The graph is represented as a JSON object. For example:

{
  "name": "The White House",
  "id": "1191441824276882",
  "about": "Welcome to the official White House Facebook page.

Comments posted on and messages received through White House pages are subject to the Presidential Records Act and may be archived. Learn more at WhiteHouse.gov/privacy.",
  "albums": {
    "data": [
      {
        "created_time": "2017-01-20T19:33:16+0000",
        "name": "Timeline Photos",
        "id": "1199645353456529"
      }
    ]
  },
  "metadata": {
    "type": "page"
  }          
}

F(b)arc supports retrieving parts of the graph for archiving. To do so, it allows you to specify what fields and edges to retrieve for a particular node type. (What fields and connections to retrieve is referred to as a definition and is described further below).

Getting API keys

Before you f(b)arc you will need to register an app. To do this:

  1. If you don't already have one, create a Facebook account.
  2. Go to https://developers.facebook.com/apps/ and log in.
  3. Click Add a New App and complete the form.
  4. From the app's dashboard, note the app id and app secret.

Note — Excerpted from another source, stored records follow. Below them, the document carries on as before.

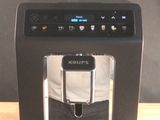 a black coffee maker sitting on a wooden table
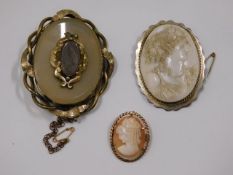 A small 9ct gold mounted cameo, a silver mounted c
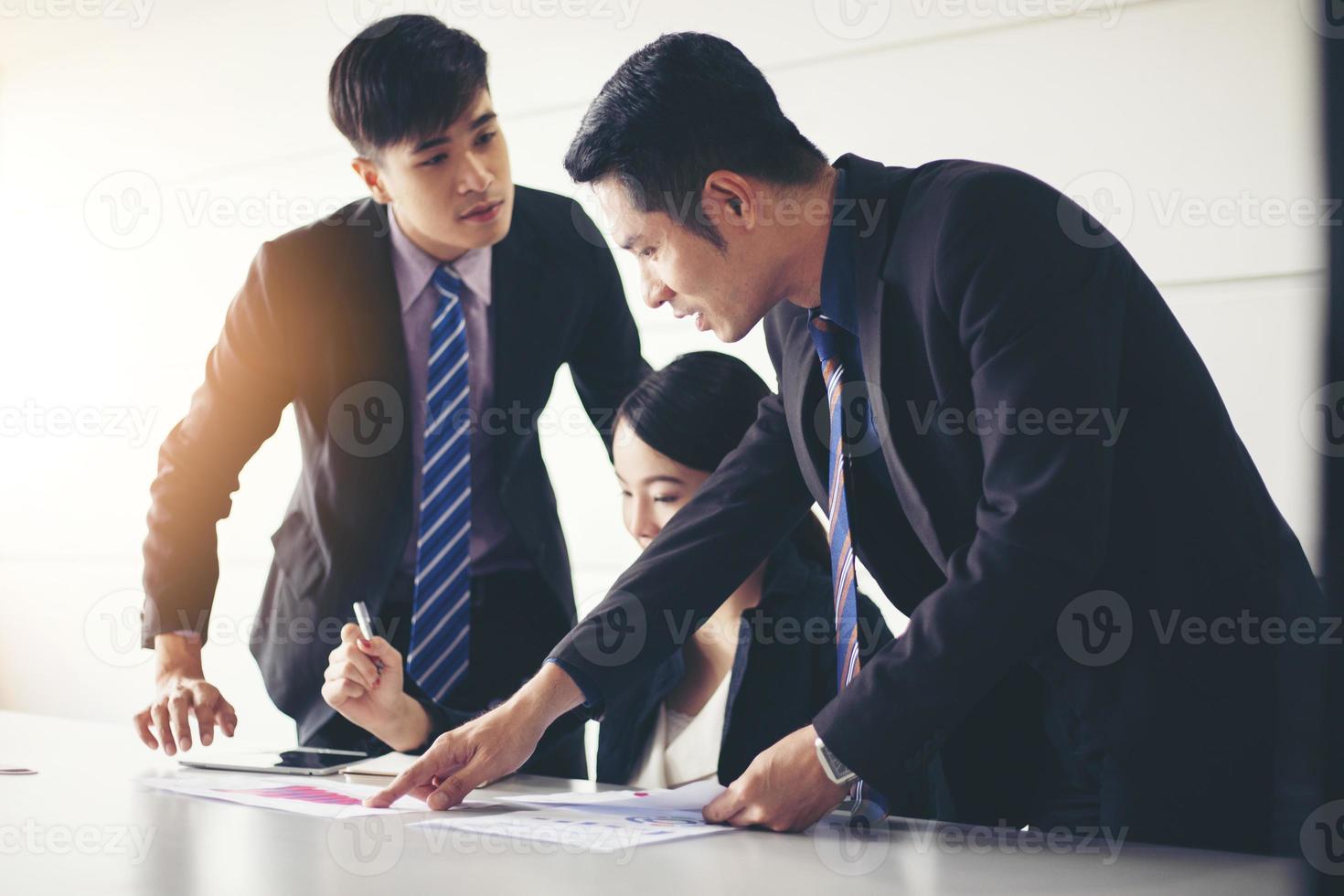 empresários trabalhando e apontando no diagrama financeiro gráfico e documentos de análise na mesa do escritório foto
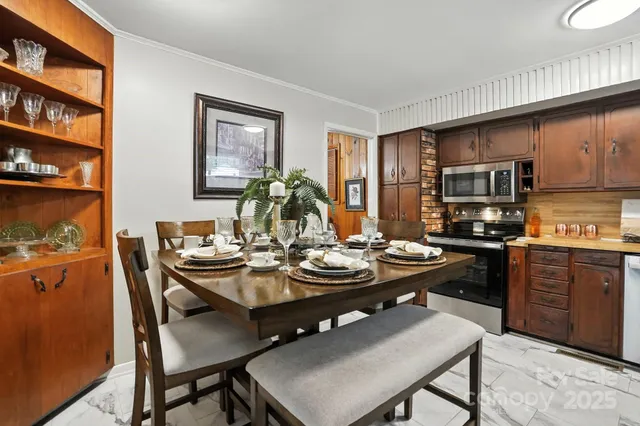 a view of a dining room with furniture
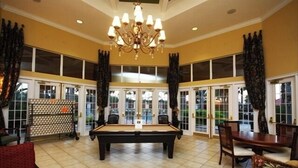 A pool table in a room with large windows, a chandelier, and a dining area with chairs. - Work & Play Here-Gated Resort Villa-5 Masters-Private Pool-Free Wifi-Near Disney (Davenport)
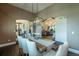 Dining area with a wooden table, upholstered chairs, and view to kitchen and living area at 5767 Pelican Shores Dr, Longmont, CO 80504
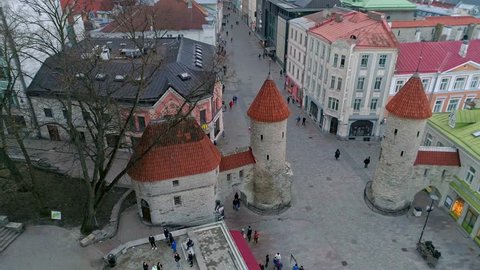 Tallinn / ESTONIA - April 15, 2018: Aerial of Tallinn old town famous gates opening onto the center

See below for more information on tokens.

Install

Note: pip install coming once f(b)arc is more stable.

These are instructions for Python 3. Make appropriate adjustments for Python 2.

  1. Download f(b)arc or clone it:

     git clone https://github.com/justinlittman/fbarc.git
    
  2. Change to the directory:

     cd fbarc
    
  3. Optional: Create a virtualenv:

     virtualenv -p python3 ENV
     source ENV/bin/activate
    
  4. Install requirements:

     pip install -r requirements/requirements3.txt
    
  5. Get commandline usage:

     python fbarc.py -h
    

Usage

Configure

Once you've got your API keys you can tell f(b)arc what they are with the configure command.

python fbarc.py configure

This will store your credentials in a file called .fbarc in your home directory so you don't have to keep providing them. If you would rather supply them directly you can set them in the environment (APP_ID, APP_SECRET) or using commandline options (--app_id, --app_secret).

Tokens

Using the API requires an access token. F(b)arc supports app access tokens and user access tokens.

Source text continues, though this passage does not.